E’ iniziato tutto dopo la sparatoria di via Fiume. Polizia di Palermo, con l’operazione “Maqueda” , in corso dalle prime luci dell’alba, ha eseguito numerosi provvedimenti di fermo disposti dalla DDA della Procura della Repubblica presso il Tribunale di Palermo nei confronti di altrettanti soggetti accusati di far parte, a vario titolo, di un gruppo che teneva sotto controllo una parte del quartiere Ballarò e responsabile di decine di reati aggravati dal metodo mafioso e dalla discriminazione razziale, vicini alle famiglie mafiose di “Palermo Centro”.
Le indagini della Squadra Mobile diretta da Rodolfo Ruperti hanno sgominato un pericoloso gruppo armato che per lungo tempo si è imposto sul territorio del centro storico di Palermo terrorizzando i commercianti stranieri.
I nomi dei fermati questa notte nel corso dell’operazione Maqueda della Squadra Mobile sono: Alessandro Cutrona, Vincenzo Centineo, Giuseppe Rubino, Giacomo Rubino, Emanuele Campo, Giovanni Castronovo, Alfredo Caruso, Carlo Fortuna, Bruno Siragusa.
I reati contestati sono tentato omicidio, estorsione, incendio, rapina, violenza privata e lesioni personali tutti perpetrati ai danni di commercianti extracomunitari prevalentemente del Bangladesh, etnia nota per l’indole pacifica.
Le indagini della Squadra Mobile hanno subito un decisivo impulso dopo il fermo di Emanuele Rubino per il tentato omicidio di Yusupha Susso, giovane gambiano ferito, lo scorso 4 aprile, con un colpo d’arma da fuoco alla testa, “colpevole” di avere reagito all’ennesimo atto di gratuita sopraffazione.

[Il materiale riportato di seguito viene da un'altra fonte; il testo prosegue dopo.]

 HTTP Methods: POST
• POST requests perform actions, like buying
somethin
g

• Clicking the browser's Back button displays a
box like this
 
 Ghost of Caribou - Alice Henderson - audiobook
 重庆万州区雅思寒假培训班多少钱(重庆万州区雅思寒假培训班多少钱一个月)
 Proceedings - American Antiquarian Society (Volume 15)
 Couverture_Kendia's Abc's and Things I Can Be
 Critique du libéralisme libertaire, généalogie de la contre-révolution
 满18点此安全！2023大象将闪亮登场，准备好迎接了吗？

All’esecuzione dell’operazione hanno partecipato oltre cento uomini, non solo in ragione della pericolosità dei soggetti, ma anche per la particolarità del territorio caratterizzato, sotto l’aspetto topografico, da vicoli tortuosi mentre, per quanto concerne l’aspetto sociale, da un alto numero di pregiudicati.
Dopo il ferimento di Yusupa Susso Palermo aveva reagito scendendo in piazza e dando vita ad una serie di manifestazioni contro la violenza.

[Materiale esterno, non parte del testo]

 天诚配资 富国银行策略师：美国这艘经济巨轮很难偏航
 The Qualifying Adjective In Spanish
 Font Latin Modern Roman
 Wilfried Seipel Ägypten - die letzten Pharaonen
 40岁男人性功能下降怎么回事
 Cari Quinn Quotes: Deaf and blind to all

L’operazione è stata coordinata dal Procuratore di Palermo Francesco Lo Voi, dall’aggiunto Leonardo Agueci e dai sostituti Sergio Demontis ed Ennio Petrigni.
I commercianti e gli ambulanti del Bangladesh, che si sono ribellati ai soprusi, subivano continuamente rapine e violenze. Una delle regole principali imposte dal gruppo di giovani fermati era “se vuoi aprire il negozio, senza avere problemi, devi pagare”.
Una volta avviata l’attività, i commercianti erano obbligati a versare il pizzo con una cadenza settimanale. Il gruppo criminale controllava il rione Ballarò e fondava il proprio potere sul timore che procurava all’intera comunità di stranieri.
Chi non rispettava le “regole” imposte dal gruppo criminale rischiava pesanti ritorsioni, che andavano dalle minacce aggravate, anche con le armi armi, a veri e propri pestaggi.
Le indagini della Squadra Mobile sono partite dal fermo di Emanuele Rubino per il tentato omicidio di Yusupha Susso in via Fiume. Gli extracomunitari convocati presso gli uffici della Squadra Mobile, dopo i primi tentennamenti dovuti alla paura e al terrore, facendosi forza l’un l’altro, hanno rotto il muro di omertà che andava avanti da anni ed hanno deciso di raccontare la loro “odissea”.
In poco tempo si sono susseguite le denunce che hanno consentito di accertare decine di reati subiti dalla comunità di immigrati. Di fatto, i cittadini stranieri del quartiere erano impossibilitati a svolgere liberamente il loro lavoro ma, anche, a vivere serenamente la loro vita privata, in quanto le minacce erano rivolte anche ai loro familiari.